When my daughter, Pari – my very first child – was born, I was 34 years old, and literally had not a single drop of breastmilk.
At the only Motherhood Chaitanya Hospital in Chandigarh, my hometown, I tried day and night to breastfeed my little baby, with support from the nurses. No success. I was so embarrassed! Still, I had no choice but to use substitute milk.
Things slowly changed – I started producing a tiny little bit of breastmilk in the first month. My daughter was happy to suck my breasts, especially in the middle of the night – it gave her comfort.
I was lucky to find tips for breastfeeding support in Motherhood Chaitanya Hospital, and I went there every week. I got very good advice on how to hold the baby while feeding, how to let her suck, how to improve my diet, and how to get into a daily routine.
When Pari was 18 months old, I had to go on a weeklong business trip. I thought this would end my breastfeeding. Believe it or not, after one week’s break I still produced breastmilk, because my daughter wanted to continue!
We stopped when she turned 2 years old. I was going on another business trip, this time for two weeks. The break was unavoidable, and I made a conscious decision that the time had come to stop breastfeeding.
After my return home, Pari gave one loud cry when she was refused my breasts – but only one, then she was absolutely ok. I was the one who missed it – something precious that does not happen anymore.
Over the two years that I breastfed her, my daughter and I developed a special bond. It lasts. Pari is now turning 3 – yet our psychological bond remains. We feel the same feelings when we cuddle before she goes to bed.
That’s my breastfeeding story. I learned that it is not easy. I can no longer simply tell all mothers to breastfeed.

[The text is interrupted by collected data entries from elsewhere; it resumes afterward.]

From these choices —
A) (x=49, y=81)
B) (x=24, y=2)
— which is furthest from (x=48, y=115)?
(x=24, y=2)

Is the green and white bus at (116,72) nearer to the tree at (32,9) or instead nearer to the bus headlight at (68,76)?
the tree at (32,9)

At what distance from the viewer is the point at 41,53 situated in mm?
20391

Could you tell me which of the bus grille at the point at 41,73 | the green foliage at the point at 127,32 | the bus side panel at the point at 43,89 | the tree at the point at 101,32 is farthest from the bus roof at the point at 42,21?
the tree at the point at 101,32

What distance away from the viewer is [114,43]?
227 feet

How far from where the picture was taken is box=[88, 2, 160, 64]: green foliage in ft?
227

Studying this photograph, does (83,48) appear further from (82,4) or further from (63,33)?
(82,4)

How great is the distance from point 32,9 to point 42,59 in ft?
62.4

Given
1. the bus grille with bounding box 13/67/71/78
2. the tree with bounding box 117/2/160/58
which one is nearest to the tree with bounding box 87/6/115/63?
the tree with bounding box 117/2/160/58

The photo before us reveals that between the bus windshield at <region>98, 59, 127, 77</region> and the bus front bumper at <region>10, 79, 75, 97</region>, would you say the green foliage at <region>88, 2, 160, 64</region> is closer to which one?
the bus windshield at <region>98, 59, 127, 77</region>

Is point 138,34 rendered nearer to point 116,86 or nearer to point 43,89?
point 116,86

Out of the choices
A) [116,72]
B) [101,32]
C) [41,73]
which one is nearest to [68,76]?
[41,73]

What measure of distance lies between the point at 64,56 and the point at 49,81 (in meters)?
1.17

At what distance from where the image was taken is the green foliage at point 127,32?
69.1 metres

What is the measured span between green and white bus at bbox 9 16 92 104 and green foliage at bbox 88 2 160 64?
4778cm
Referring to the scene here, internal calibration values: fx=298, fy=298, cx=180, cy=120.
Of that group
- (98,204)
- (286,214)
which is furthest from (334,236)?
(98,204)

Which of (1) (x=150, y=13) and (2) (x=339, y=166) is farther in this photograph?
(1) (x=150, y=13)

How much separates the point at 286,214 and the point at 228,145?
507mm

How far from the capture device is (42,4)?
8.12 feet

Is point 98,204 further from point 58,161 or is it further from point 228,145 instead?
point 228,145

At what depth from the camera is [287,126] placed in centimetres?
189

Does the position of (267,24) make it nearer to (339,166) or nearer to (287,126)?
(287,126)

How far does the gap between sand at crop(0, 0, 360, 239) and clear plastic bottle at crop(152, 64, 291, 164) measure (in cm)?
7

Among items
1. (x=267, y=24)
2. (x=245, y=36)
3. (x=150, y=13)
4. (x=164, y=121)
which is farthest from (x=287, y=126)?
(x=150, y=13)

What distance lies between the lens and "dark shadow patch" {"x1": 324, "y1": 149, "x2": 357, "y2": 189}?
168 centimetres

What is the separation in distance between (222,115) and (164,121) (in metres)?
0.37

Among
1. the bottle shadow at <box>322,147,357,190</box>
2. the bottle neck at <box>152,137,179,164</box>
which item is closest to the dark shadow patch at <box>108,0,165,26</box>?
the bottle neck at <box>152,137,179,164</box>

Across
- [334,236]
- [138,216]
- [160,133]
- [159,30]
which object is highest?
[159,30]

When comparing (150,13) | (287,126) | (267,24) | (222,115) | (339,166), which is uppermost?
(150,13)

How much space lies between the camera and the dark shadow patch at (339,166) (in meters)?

I know what it takes now. I managed it because my husband and family were very supportive, I had time off work, I was able to afford counseling – I must admit I was privileged. Not everyone has such privileges. For women, breastfeeding a baby is not a simple matter. It is painful. It takes nerve, determination, and good energy.

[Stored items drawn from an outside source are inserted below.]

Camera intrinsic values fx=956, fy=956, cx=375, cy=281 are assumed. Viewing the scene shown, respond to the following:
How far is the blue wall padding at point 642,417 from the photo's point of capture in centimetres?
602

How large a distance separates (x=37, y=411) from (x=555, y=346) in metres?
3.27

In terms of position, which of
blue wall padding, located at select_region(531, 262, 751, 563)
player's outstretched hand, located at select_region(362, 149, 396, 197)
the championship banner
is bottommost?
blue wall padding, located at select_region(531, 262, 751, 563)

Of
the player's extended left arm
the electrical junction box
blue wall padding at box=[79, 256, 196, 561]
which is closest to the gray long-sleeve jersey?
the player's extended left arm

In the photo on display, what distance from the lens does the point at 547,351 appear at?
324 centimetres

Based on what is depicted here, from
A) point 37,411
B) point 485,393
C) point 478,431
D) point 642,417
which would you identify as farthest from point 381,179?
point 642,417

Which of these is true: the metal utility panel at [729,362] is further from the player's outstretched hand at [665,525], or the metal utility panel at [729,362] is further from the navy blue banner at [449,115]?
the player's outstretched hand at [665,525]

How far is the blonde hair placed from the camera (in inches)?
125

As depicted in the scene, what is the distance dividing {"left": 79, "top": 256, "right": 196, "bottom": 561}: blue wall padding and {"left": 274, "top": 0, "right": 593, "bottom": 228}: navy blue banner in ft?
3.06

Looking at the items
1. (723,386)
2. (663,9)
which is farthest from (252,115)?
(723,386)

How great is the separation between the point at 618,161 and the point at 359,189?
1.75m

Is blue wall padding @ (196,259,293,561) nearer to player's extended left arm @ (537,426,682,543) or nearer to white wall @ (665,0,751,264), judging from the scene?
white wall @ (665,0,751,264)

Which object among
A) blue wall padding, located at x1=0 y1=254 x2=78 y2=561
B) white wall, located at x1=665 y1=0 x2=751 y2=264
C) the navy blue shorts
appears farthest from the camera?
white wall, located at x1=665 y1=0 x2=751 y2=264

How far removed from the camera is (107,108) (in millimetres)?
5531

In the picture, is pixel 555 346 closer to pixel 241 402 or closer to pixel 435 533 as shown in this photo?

Nonetheless, what you gain from breastfeeding your baby is something you cannot substitute with anything else! It is not only the best nutrition for the baby; it is immunity, protection for the baby’s health, a strong psychological and physical bond with your child, and joy and happiness for the family.

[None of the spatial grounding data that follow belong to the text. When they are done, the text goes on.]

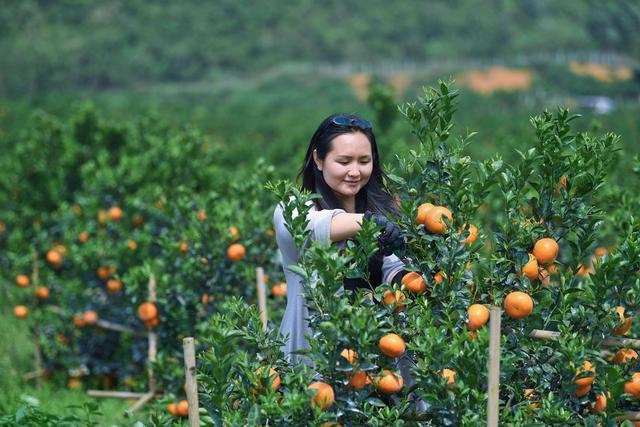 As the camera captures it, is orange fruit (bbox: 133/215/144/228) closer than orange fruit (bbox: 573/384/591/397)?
No

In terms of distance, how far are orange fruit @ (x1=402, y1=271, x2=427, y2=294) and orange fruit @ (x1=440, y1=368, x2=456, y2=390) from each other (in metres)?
0.29

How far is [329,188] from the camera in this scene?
300 cm

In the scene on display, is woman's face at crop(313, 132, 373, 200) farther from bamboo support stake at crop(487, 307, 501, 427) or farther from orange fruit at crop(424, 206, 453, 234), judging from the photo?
bamboo support stake at crop(487, 307, 501, 427)

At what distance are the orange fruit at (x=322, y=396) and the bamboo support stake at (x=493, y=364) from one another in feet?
1.67

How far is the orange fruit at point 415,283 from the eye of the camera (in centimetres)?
284

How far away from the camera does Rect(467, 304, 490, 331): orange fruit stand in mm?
2723

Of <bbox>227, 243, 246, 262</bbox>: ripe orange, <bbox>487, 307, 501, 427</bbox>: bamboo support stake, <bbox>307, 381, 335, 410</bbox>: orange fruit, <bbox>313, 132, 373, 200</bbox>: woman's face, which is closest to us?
<bbox>487, 307, 501, 427</bbox>: bamboo support stake

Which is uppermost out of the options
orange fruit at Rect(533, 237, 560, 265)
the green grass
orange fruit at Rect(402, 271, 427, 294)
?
orange fruit at Rect(533, 237, 560, 265)

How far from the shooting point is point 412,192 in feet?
9.30

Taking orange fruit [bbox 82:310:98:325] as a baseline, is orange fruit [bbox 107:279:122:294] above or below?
above

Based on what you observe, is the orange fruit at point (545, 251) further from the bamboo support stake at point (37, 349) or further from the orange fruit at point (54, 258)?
the orange fruit at point (54, 258)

By all means, mothers need support – they should not be left to themselves. Husbands, partners, families, the workplace, whole communities and societies should support them. Don’t be shy – demand and seek advice and help, especially from professionals. Reach out to get the information you need.
Yet the most important thing, I believe, is your confidence – a mother’s confidence to breastfeed. It has to come from your inner self.
If I found that confidence, I am sure you can.